Tuesday, April 17, 2007

DEAR VIRGINIA TECH

I would like to take this opportunity to extend my condolences to everyone whose lives were affected in the seemingly meaningless tragedy that occurred yesterday, Monday April 16th, 2007. Your grief is no doubt overwhelming and your sense of loss and devastation incomparable. I can only try to imagine the amount of anguish that people close to those who died are feeling, but my sympathy goes out to everyone affected by this tragedy, and anyone else who has ever lost a person in a tragedy.

The reason I say this is because this occurrence is unique, but also not unique, in US history. It is unique because this is the largest massacre in this country's past, because of where it happened, and who committed the atrocity. These are details. This event is not unique, because violence is not unique. It is not new. It is not surprising. It is the details that lead us to believe that they are.

First of all, school shootings are not new to the US. This trend of violence was highlighted by one of the most notorious shootings of recent history; in Columbine, Colorado. Even before this milestone however, gun violence has been prevalent in the worst parts of this country, where the level of education and the standard of living is low due to lack of money in the educational system and the neighborhood. Gang violence has been happening for as long as gangs have been around, and no one had bothered to do anything about it. No one has questioned why the shootings occurred, why a kid had to die; it was just explained away as gang violence. The straight answer is, no one cared that much. No one wanted to look at the root of the problem. No, not video games. Not the movies that they watched. Not the television shows. The problem is EVERYONE.

No one cares enough to look at themselves as the source of the problem. We are all too busy pointing fingers at others rather than look at the decisions that we all make in our own lives. We are caught up being too important to feel guilty about the lack of a general social consciousness that we are all born with, but are bred out of us. Every single one of us is too important to look outside our immediate sphere of existence in order to come together and solve larger social issues such as gang violence.

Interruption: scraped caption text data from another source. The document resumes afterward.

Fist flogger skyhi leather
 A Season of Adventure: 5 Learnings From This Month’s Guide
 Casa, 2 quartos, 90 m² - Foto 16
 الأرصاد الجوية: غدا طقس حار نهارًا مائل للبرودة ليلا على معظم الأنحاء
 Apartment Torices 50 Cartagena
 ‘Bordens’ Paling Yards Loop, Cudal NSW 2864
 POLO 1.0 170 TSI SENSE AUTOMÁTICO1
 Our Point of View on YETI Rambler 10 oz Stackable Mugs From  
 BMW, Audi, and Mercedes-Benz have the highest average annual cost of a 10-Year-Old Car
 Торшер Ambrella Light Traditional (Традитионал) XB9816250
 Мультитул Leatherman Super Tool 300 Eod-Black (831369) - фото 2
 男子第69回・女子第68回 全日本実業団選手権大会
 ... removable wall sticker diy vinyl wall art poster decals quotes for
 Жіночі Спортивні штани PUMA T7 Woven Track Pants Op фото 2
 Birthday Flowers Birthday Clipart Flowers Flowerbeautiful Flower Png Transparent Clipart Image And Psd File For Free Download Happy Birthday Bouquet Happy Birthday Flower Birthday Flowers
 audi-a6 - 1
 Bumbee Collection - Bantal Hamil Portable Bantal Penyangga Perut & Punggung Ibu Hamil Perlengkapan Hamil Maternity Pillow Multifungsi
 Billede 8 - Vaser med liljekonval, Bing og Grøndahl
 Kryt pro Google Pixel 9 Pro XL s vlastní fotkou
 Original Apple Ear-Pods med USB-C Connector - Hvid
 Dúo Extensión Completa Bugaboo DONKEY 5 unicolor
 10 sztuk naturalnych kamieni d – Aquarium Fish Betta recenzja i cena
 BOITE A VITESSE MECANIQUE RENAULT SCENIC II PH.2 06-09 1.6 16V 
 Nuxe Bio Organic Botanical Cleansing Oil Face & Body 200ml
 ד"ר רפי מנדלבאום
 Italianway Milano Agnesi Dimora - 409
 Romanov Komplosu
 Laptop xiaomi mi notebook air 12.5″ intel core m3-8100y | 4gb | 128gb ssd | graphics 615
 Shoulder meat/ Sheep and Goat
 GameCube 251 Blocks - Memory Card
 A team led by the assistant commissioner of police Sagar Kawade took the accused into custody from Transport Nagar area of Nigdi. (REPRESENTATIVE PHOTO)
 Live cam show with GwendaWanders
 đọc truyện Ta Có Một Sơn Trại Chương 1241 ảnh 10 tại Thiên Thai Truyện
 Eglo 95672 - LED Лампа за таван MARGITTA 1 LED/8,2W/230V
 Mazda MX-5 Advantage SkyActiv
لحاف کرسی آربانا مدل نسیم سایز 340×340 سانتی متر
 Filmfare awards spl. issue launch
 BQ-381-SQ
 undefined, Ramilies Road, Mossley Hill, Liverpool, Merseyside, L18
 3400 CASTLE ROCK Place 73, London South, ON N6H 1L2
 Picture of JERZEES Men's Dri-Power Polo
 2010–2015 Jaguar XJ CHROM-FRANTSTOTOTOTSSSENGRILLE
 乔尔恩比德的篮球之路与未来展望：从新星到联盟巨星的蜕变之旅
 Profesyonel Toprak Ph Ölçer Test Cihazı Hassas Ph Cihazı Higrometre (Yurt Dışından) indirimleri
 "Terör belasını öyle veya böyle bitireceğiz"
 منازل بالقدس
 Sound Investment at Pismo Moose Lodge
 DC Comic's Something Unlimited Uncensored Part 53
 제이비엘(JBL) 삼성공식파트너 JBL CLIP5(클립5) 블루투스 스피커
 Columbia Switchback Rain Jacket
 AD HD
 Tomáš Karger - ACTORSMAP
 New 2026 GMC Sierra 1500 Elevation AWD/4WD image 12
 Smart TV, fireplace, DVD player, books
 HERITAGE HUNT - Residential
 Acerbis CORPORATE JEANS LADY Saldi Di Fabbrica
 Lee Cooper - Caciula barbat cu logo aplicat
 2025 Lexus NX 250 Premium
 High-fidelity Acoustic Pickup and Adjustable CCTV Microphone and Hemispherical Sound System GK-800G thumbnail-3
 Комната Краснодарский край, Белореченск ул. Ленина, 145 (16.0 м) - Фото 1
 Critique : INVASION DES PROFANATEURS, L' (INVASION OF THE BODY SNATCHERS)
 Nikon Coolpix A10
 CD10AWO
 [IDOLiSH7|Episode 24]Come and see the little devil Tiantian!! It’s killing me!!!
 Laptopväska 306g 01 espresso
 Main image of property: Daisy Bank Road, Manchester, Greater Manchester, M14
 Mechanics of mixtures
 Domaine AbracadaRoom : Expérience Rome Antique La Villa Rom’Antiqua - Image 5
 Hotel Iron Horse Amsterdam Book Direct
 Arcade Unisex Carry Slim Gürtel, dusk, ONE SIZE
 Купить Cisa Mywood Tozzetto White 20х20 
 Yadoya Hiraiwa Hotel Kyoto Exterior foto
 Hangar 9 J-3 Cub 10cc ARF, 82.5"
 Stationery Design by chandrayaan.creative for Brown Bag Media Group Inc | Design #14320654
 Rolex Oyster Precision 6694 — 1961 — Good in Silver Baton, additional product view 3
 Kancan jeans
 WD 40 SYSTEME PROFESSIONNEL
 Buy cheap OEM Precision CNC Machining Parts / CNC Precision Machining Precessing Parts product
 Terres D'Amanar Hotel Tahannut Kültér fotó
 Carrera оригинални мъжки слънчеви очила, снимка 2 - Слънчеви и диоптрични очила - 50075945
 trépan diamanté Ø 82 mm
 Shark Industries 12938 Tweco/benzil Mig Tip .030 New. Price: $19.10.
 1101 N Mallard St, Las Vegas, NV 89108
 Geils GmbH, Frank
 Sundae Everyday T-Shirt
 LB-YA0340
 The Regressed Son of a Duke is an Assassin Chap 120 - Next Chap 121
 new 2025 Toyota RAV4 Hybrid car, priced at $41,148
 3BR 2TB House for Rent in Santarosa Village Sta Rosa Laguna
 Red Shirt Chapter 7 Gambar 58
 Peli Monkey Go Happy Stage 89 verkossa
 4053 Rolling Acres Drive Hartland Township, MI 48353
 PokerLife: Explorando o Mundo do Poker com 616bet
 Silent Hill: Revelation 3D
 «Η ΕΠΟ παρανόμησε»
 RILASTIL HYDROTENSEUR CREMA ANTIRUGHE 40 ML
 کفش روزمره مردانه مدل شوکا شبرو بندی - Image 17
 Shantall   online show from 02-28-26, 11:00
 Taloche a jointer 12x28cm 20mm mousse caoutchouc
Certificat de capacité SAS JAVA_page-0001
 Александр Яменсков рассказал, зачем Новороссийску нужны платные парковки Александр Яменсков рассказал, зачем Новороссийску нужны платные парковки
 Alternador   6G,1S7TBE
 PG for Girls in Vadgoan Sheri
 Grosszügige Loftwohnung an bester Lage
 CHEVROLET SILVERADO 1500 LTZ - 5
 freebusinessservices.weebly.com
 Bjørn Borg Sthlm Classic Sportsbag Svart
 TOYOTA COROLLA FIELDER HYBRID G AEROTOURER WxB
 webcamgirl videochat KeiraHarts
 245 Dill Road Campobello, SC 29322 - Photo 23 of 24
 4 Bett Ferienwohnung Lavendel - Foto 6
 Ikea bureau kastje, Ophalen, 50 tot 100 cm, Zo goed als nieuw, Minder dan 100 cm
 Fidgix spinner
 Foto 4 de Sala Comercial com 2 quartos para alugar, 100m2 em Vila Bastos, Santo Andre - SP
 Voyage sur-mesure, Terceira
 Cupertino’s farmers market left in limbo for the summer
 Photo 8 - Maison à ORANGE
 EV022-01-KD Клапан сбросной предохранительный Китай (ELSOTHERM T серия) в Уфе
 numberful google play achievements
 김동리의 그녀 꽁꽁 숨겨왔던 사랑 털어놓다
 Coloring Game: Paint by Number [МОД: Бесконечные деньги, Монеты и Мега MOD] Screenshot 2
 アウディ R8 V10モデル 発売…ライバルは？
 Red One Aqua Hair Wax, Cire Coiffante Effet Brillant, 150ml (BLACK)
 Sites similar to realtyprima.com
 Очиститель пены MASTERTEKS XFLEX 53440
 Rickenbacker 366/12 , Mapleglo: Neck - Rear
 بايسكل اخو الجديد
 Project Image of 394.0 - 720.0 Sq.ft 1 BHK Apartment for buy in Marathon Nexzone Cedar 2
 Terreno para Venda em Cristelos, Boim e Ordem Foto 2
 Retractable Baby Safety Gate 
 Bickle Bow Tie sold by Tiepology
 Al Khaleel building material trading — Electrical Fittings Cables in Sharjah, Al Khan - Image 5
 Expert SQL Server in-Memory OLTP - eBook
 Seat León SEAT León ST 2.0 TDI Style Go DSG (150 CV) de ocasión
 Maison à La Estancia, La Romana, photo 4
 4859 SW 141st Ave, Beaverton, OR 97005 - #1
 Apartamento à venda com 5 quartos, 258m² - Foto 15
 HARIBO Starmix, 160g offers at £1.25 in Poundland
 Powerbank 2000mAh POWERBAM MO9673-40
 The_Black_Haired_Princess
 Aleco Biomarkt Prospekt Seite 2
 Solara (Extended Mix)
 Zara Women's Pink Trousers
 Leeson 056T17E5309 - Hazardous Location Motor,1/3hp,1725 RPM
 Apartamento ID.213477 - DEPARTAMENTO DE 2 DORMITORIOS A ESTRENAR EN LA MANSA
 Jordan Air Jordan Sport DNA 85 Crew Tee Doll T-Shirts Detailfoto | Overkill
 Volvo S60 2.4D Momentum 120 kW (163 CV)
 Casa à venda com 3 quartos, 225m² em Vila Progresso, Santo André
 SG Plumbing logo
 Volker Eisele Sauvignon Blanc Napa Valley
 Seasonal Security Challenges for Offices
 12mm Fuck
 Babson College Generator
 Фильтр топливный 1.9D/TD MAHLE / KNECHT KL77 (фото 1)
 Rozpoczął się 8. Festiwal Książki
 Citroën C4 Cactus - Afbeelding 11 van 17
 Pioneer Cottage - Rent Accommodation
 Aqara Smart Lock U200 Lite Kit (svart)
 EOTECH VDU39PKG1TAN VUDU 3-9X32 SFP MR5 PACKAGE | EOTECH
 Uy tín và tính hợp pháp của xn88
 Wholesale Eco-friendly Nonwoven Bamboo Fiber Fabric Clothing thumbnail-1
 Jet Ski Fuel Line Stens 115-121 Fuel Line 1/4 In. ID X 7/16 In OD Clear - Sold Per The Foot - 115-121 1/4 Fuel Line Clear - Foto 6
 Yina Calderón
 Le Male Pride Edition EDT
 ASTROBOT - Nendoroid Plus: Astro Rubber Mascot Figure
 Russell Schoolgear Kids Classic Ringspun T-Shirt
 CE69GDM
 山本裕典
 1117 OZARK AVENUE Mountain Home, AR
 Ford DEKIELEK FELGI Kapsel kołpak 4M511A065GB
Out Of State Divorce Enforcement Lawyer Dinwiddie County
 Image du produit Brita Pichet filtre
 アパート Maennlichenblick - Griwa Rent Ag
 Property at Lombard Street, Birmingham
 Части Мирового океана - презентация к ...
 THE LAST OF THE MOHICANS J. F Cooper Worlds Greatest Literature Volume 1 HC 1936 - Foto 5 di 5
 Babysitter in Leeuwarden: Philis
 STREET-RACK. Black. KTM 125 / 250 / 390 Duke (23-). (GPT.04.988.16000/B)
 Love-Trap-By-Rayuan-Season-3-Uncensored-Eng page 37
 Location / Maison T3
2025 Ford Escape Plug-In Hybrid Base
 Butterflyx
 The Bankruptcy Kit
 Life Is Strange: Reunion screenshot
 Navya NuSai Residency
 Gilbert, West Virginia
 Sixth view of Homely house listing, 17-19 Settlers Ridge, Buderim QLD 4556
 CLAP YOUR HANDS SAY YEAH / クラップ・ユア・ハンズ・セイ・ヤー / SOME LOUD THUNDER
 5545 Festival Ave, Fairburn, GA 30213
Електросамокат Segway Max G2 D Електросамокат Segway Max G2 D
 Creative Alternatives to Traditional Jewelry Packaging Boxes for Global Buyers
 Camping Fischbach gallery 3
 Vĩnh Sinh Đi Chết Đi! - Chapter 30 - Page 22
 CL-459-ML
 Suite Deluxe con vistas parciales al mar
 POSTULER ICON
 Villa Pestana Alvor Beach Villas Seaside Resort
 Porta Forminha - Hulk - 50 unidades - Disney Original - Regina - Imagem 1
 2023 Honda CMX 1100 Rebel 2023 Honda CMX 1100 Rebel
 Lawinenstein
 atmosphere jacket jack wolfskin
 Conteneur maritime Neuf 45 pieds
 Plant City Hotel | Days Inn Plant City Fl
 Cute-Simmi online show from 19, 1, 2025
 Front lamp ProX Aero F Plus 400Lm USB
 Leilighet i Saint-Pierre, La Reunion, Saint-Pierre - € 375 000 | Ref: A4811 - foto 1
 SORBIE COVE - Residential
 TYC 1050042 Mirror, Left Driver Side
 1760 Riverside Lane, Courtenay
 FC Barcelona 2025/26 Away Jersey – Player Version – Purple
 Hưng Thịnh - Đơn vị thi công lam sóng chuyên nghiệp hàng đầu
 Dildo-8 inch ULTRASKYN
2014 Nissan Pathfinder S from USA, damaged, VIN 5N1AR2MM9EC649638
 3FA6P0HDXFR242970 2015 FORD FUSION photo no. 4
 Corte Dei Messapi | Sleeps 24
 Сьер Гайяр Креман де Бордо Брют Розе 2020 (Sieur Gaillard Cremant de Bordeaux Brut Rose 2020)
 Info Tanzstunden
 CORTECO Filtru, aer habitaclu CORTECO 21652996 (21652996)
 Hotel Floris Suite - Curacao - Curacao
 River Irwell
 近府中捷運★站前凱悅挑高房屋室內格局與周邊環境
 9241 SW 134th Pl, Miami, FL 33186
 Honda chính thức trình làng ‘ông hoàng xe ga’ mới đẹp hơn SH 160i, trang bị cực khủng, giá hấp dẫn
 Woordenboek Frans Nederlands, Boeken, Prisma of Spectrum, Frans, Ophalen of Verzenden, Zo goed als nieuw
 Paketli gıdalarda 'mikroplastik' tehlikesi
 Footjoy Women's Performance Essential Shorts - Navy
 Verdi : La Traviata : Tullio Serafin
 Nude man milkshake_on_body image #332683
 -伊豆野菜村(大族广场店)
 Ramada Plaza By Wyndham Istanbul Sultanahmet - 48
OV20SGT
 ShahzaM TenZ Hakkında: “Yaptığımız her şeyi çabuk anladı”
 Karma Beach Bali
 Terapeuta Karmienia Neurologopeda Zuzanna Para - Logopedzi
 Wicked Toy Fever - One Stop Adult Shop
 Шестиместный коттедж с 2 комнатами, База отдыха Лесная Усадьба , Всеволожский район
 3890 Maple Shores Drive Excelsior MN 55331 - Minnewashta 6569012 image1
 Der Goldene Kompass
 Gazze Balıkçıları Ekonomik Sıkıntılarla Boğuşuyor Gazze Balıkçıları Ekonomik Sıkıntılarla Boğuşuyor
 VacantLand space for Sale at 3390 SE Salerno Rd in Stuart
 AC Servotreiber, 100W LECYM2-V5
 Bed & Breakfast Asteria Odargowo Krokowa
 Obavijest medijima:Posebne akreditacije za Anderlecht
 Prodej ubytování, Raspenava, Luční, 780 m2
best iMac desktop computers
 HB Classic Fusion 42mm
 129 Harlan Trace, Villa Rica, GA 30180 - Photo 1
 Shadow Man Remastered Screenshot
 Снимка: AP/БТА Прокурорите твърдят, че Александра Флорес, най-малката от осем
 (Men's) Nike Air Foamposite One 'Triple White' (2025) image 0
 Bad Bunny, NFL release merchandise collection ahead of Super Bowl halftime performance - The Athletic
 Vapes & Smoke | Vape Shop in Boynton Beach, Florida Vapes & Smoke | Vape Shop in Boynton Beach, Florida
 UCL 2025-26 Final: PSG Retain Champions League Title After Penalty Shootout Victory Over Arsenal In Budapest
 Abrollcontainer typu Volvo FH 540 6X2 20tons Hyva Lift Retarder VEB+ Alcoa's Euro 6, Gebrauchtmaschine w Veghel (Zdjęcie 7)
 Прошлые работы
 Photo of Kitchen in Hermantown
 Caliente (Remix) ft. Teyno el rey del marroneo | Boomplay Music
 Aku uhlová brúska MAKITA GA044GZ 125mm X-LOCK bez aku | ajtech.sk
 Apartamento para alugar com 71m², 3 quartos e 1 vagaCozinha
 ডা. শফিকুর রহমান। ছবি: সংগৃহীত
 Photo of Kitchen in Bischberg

This quest for uniqueness and individuality is killing us all. School shootings by one person is a form of gang violence that has changed and mutated with the times. With the advent of personal media and technology, it is easy to surround yourself with inanimate objects that entertain and amuse us for periods of time. Unfortunately, this is not how its meant to be. People were meant to be social creatures, and in this day and age, it has become easier and easier to isolate oneself. By doing so, you are not just choosing to isolate yourself, you choose to alienate a person, alienate people around you. There must be an effort to reach out and care enough about someone other than yourself and just be aware.

I believe Cho Seung-Hui was a victim of such alienation. I do not know whether he was the source of the alienation, or whether he was alienated by others. I did not know Cho Seung-Hui. However, I am a Korean-American, living in this country. I am a male. Most importantly, I am a person. As I listen to the news reports of the kind of person he was, and things that other people remembered about him, before he became legendary in his horrific deed, I realize that, at one point or another, I felt how he did, I went through experiences that others recounted about Cho Seung-Hui.

There were those who made an effort to reach out to this young man, to touch him, despite his obvious anger, and not so obvious desires to commit homicide. These were good efforts, but they weren't good enough. I hope that, before we blame his influences and his environment, and HIM that killed 32 people, we blame ourselves. I have never seen or heard of this young man before this past Monday. It is my fault. It is your fault. For any such tragedies, whether in Compton or Columbine, it is all our faults. No one should dare rest easy and think that there was nothing they could've done. There's ALWAYS something to be done.